No surprise then that “the superyacht industry is currently in the middle of a feeding frenzy”. “The most audacious superyacht designs on the drawing boards of today will be made for cruising around the Galapagos Islands and sightseeing in the Arctic Circle in ten years’ time,” the report says. This comes as the report admits, “Global inequality levels, exacerbated by rising energy and food costs, are increasing—even in the developed world.”
On average ultra-rich people own 2.9 homes, according to Knight Frank’s survey of private bankers and wealth advisers. One easy way to slash homelessness is to use their extra homes. Tax haven Monaco stood out as the country with the most super-rich people per capita. Some 199 people held assets of £22.5 million or more out of a population of just 39,000.
Monaco is home to several rich Britons, including the former Topshop boss Sir Philip Green and his wife Tina. There’s also the billionaire petrochemicals tycoon Sir James Ratcliffe, property billionaires Simon and David Reuben and John Hargreaves the founder and chairman of Matalan. And there’s John Caudwell, the billionaire founder of Phones4u, and Formula One driver Lewis Hamilton.
Monaco’s reigning monarch Prince Albert II is conscious of the lack of space to attract more billionaires. So he’s overseeing a £1.5 billion scheme to reclaim six hectares of land from the sea. In his introduction to the wealth report, Penn gives a glimpse of fear. “We need to be cognisant that inequality levels are increasing,” he says. “And that the battle against climate change has reached what many now regard as a tipping point.”
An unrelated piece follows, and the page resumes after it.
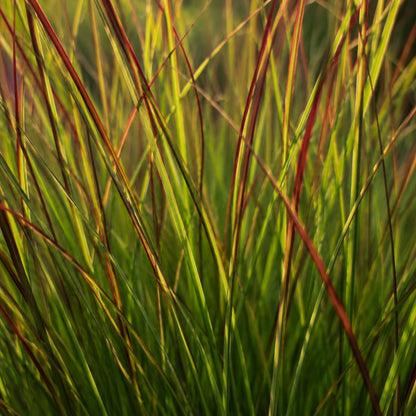 3x Rutenhirse Rotstrahlbusch – Panicum virgatum – Winterhartes Ziergras 12cm – Pflegeleichtes Gartengras mit roter Herbstfärb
This is intensified by the report’s finding that “83 percent of our Attitudes Survey respondents expect their clients’ wealth to grow further this year”. Knight Frank expects “a further 28.3 percent rise in global UHNWI numbers by 2026”. It warns, “Policy responses to tackle inequality are on the rise. Expect more wealth taxation, focused on assets rather than income, and a narrowing in the number of low-tax jurisdictions”—tax havens.
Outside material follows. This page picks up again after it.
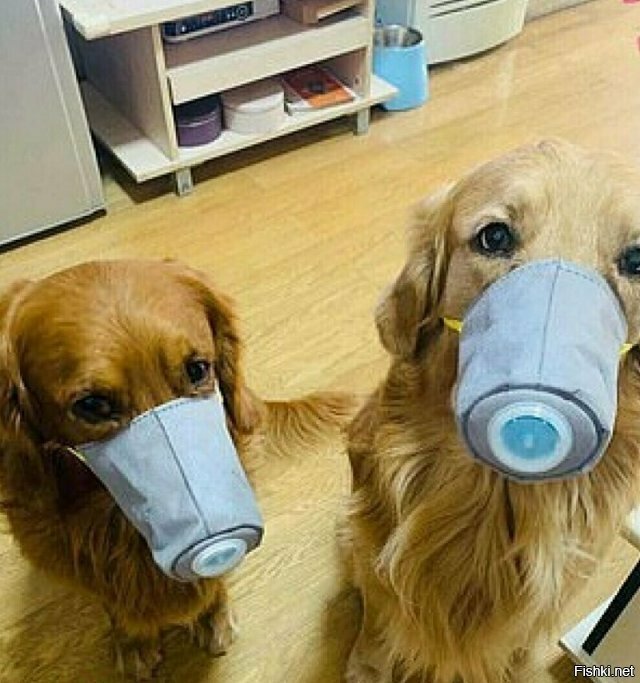Китай сегодня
This report follows several others that underline that the pandemic has been a boon for the rich and a terrifying burden for working class people. We should demand wealth taxes on the billionaires—but the system that produces them also has to go.
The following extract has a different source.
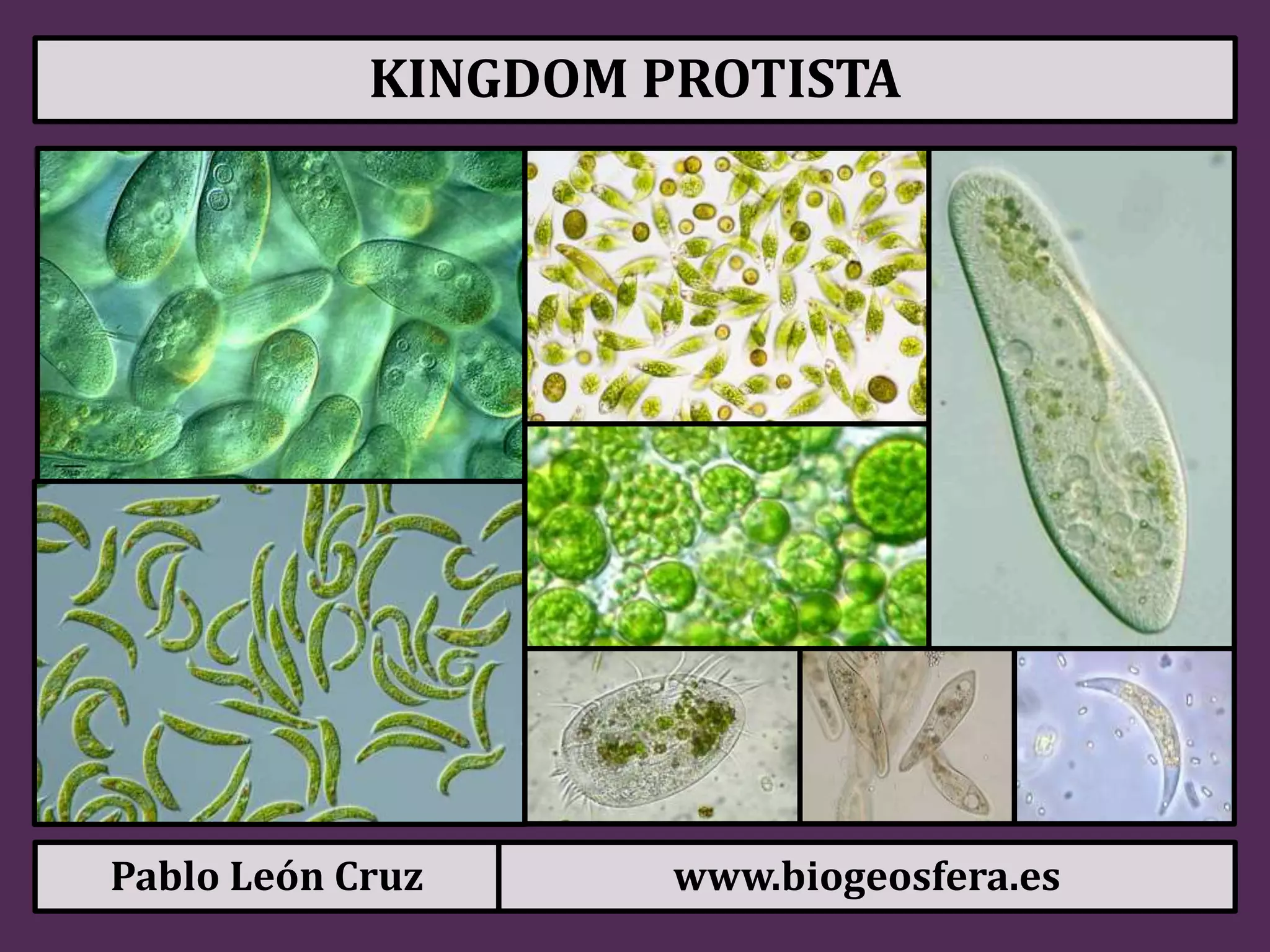 Kingdom Protista Algae Examples Kingdom Protista Algae Examples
April will be a harsh month for ordinary people. Simultaneously there will be soaring fuel bills, a national insurance increase for most workers, real-terms cuts in pensions and benefits and council tax rises. Transport costs and rents will go up.
But one group will not be finding it hard. MPs will collect a pay rise of more than £2,200 a year from 1 April. That’s over twice as much as they axed from people on Universal Credit. MPs’ pay will increase from £81,932 to £84,144. And there are fat expenses and extras for ministers.